> [Material for this exercise]:
+ + + + + + +

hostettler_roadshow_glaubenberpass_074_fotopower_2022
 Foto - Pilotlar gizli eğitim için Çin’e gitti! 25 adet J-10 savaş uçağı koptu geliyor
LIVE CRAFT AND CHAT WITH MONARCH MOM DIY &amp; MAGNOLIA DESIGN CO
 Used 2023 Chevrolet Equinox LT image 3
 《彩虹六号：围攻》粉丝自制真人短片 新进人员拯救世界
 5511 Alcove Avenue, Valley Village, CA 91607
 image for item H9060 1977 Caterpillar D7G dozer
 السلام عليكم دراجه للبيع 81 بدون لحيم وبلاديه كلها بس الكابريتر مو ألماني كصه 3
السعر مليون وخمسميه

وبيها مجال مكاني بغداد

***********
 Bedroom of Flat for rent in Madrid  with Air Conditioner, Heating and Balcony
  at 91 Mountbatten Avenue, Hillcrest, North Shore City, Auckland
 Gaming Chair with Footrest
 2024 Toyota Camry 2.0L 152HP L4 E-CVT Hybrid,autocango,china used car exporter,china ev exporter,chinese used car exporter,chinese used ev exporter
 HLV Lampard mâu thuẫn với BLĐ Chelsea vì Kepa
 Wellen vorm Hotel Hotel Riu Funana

+ + + + + + +

Word for word, restate only the lines from the one containing "HLV Lampard mâu" through the last line of the entries, with both ends kept.

> [Answer space]:
 HLV Lampard mâu thuẫn với BLĐ Chelsea vì Kepa
 Wellen vorm Hotel Hotel Riu Funana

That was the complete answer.